Only a couple of quibbles:

1/ This destroys one valid BBEG tactic ("shambling cannon fodder") for undead BBEGs. If you can choose to turn the BBEG while ignoring his zombie minions, he's really screwed.

2/ No limit to the number of hit dice you can affect? Could really be a LOT of rolling for "room-clearing" level cleric.

So, I'd restrict the targeting, and allow one roll for a bunch of similar critters.

-- N
 

It seems like it would make more sense (speed and elegance wise) to have the cleric choose a specific undead and make a turn check against that undead (DC as above); if successful, the effect spreads to the next closest undead. Same turn check but now the DC is 2 higher. If the check is still high enough, that undead is turned and the effect carries to the next closest undead.

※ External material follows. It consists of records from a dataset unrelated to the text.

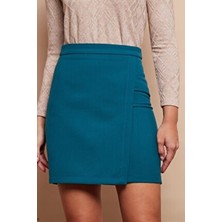 Saks Mavi Darkalıp Yüksek Bel Içi Taytlı Tenis Etek Darkalıp Polyamid Kumaş Mini Etek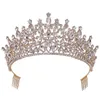 JINGLANG Wedding Prom Crown Hair Bridal Headpiece woman Baroque Rhinestones Crystal Tiaras Princess Party Crowns Hair Accessorie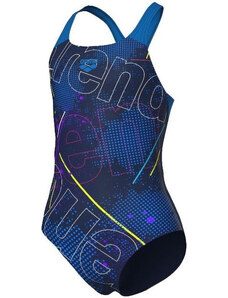 Arena girls galactics swimsuit swim pro back navy/blue river 116cm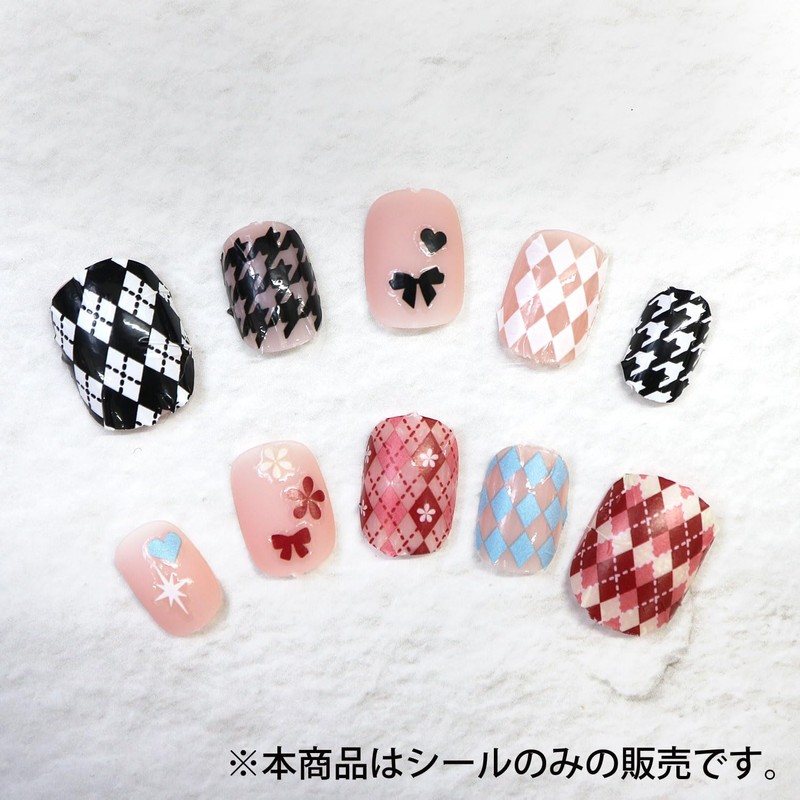 Nail Sticker, Houndstooth Pattern [Black, White] Nail Stickers, Nail Art,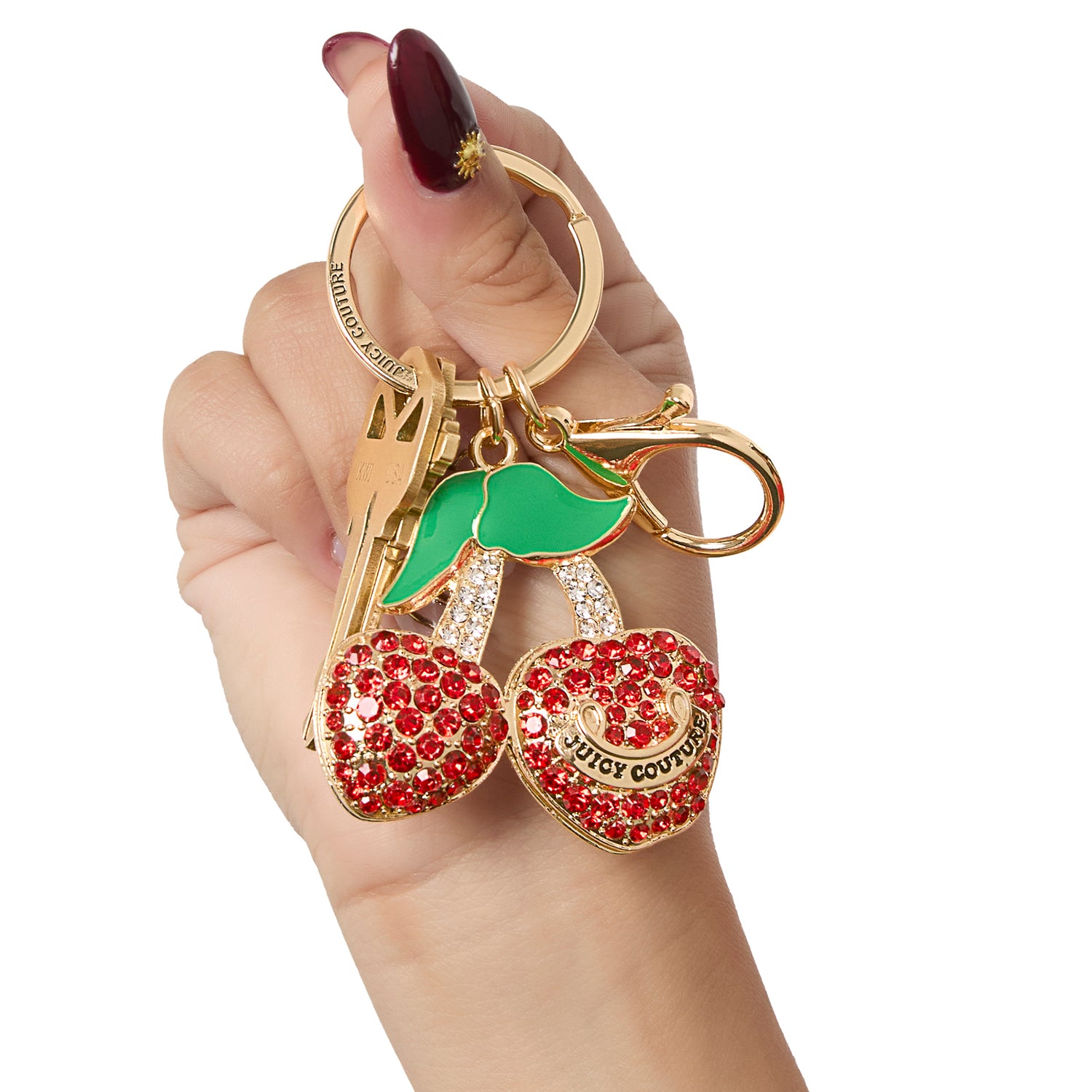 Juicy Couture Cherry Crystal & Enamel Keychain In Gold Tone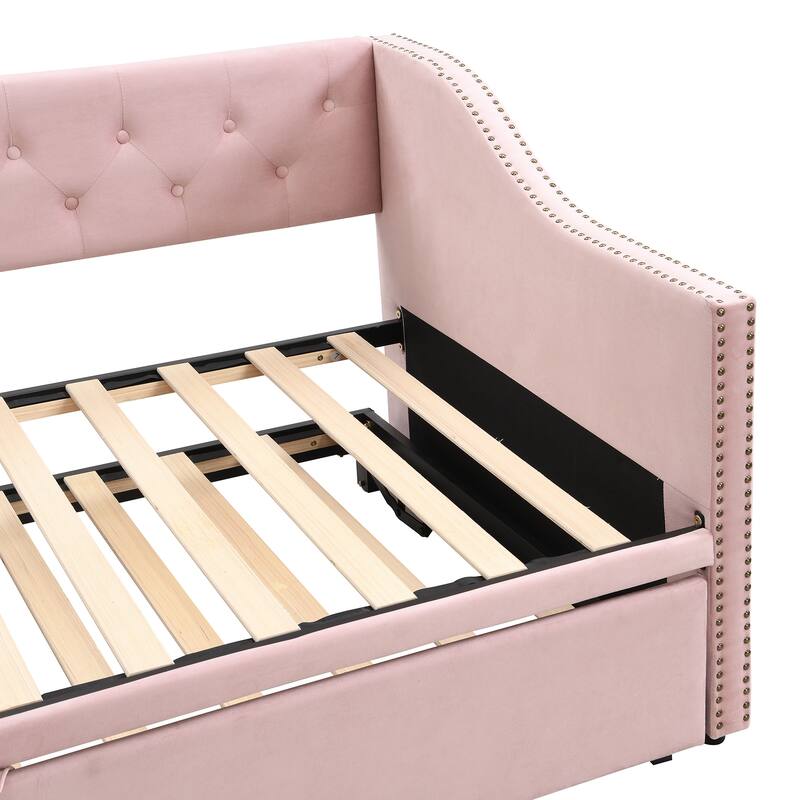 Twin Size Upholstered daybed with Pop Up Trundle, Pink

To address the BBEG-undead with undead minions issue, one could choose to require that the effect start as close to the cleric as possible but I don't think this is necessary. Most powerful BBEG-undead types are either spellcasters or have access to magical items. A disguise self, alter self, or hat of disguise could make BBEG look like another mook. Plus, this system relies on the cleric to decide where to start the effect. The cleric could easily choose wrong and use an attempt on mooks when he wanted to hit the shock troops or BBEG but got confused about which undead were more undeadly.

DC
 

I agree that the turning rules are distasteful for a number of reasons. A cleric with a good turning check (or worse, the Sun domain or levels of Radiant Servant) can utterly evaporate an undead challenge with one action. I've considered using the turning variant from CD although it still doesn't sit with me quite well.

One change I thought about that both encourages clerics to stick with one class and that tones down the power of turn undead is to make it an ability that scales more with cleric level. A 1st level cleric can only turn undead 1/day. A 5th level cleric can turn undead 2/day, and every 5th level after that (10th, 15th, etc.) the cleric gains an additional use of turn undead. You no longer get bonus turn undead attempts from Charisma and the Extra Turning feat either doesn't exist or only grants two bonus turning attempts. Paladins get as many turning attempts per day as a cleric three levels lower.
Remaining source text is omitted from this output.